#### What you should do
Please reproduce exactly, and only, the lines from the one with "Café Chew - Sandwich, Massachusetts" through the last line of the listing below, both ends included, leaving out the pictures.

:: Data supplied ::

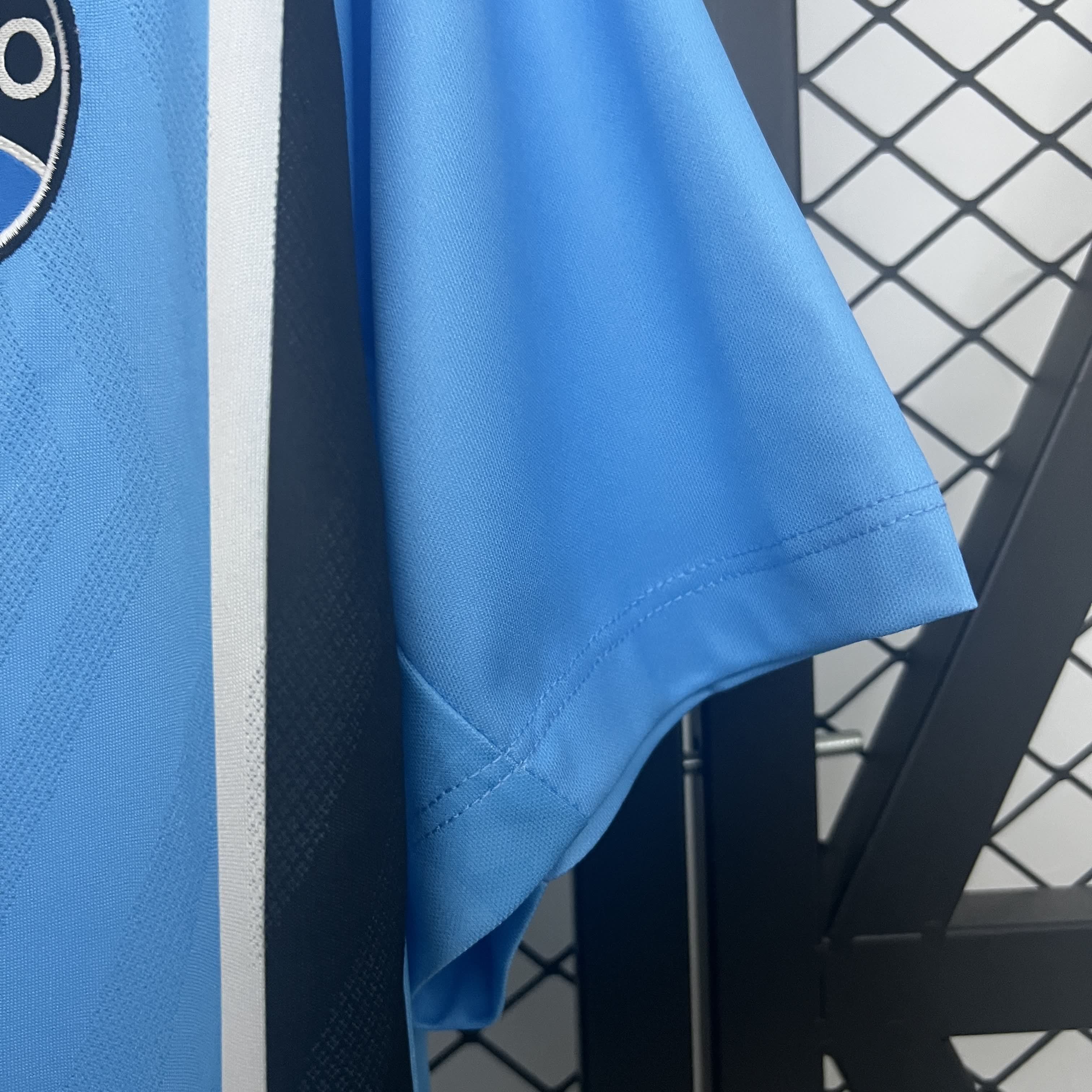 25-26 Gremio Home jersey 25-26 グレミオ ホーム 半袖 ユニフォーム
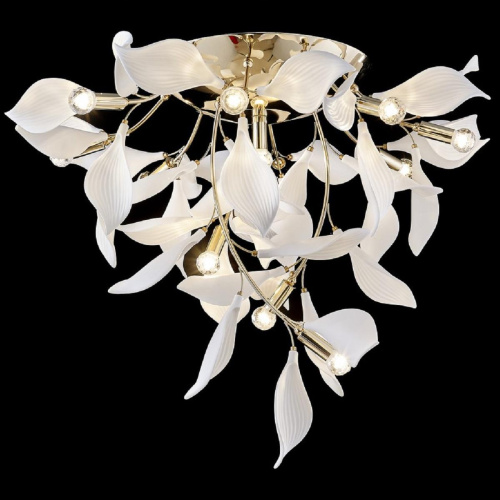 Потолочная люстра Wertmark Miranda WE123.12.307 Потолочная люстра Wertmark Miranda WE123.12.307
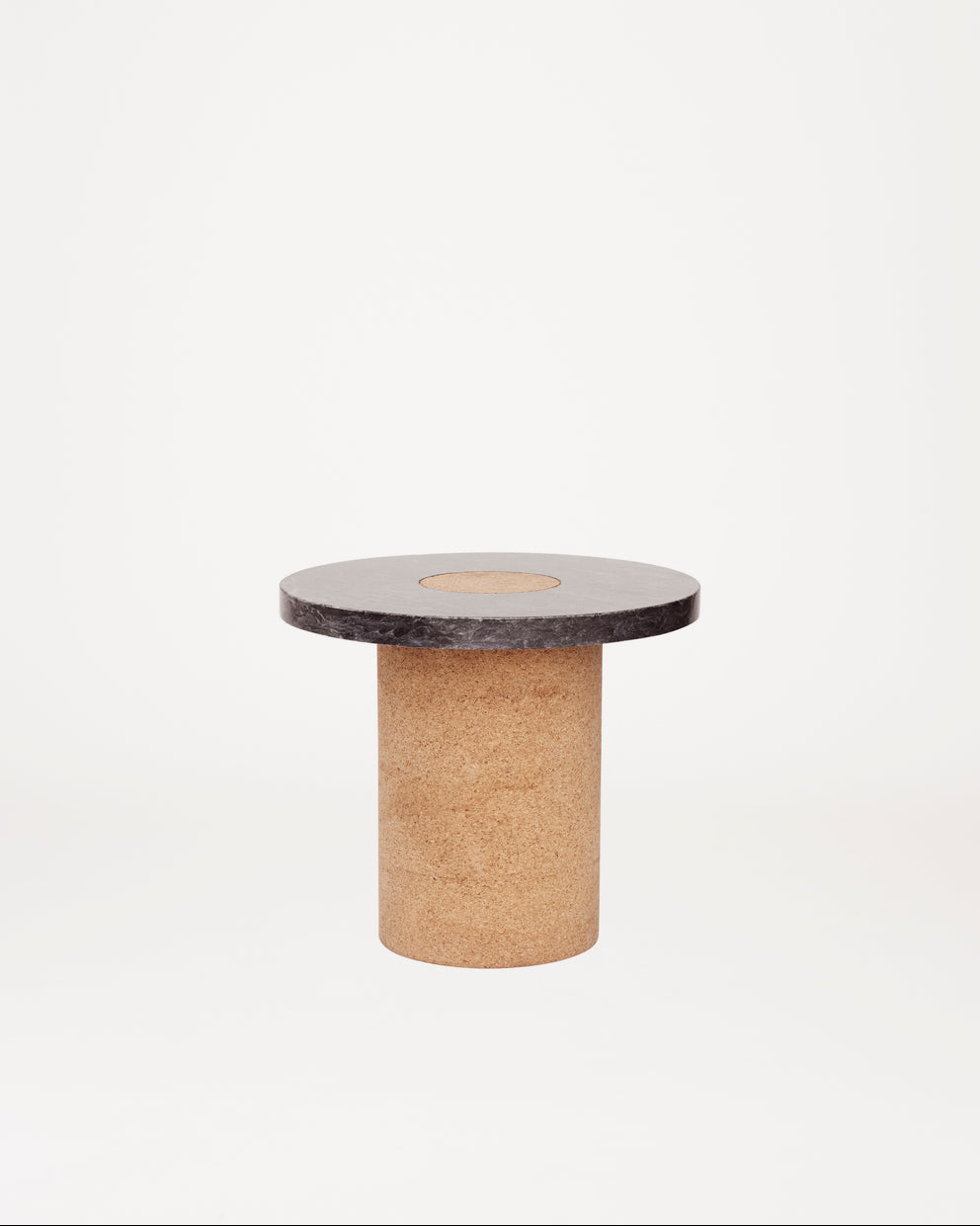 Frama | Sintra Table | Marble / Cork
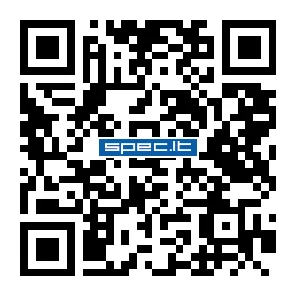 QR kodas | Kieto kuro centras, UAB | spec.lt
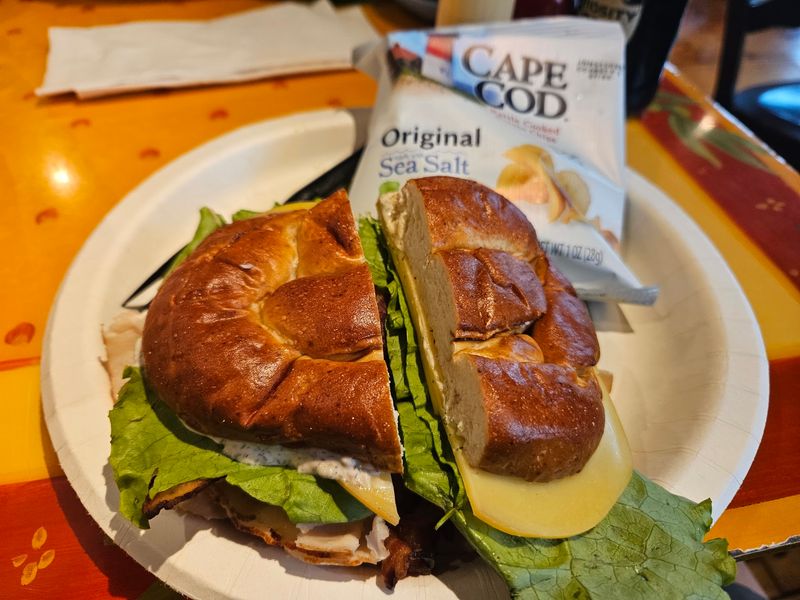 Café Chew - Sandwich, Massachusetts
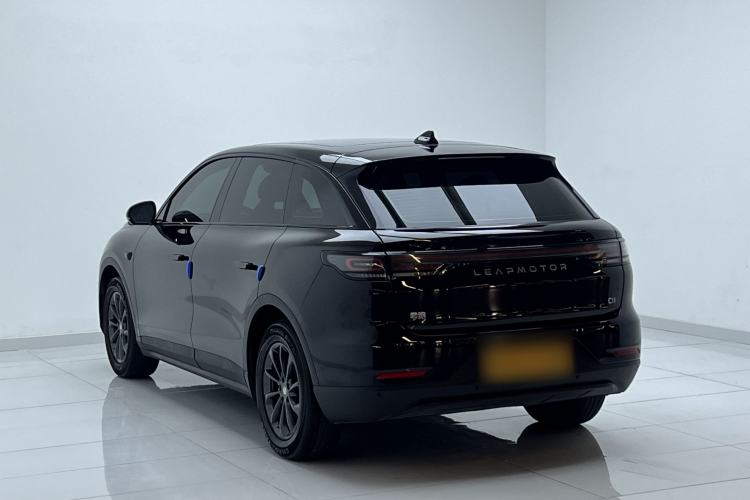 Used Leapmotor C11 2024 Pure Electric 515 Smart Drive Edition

:::

#### Solved exercise
 Café Chew - Sandwich, Massachusetts
 Used Leapmotor C11 2024 Pure Electric 515 Smart Drive Edition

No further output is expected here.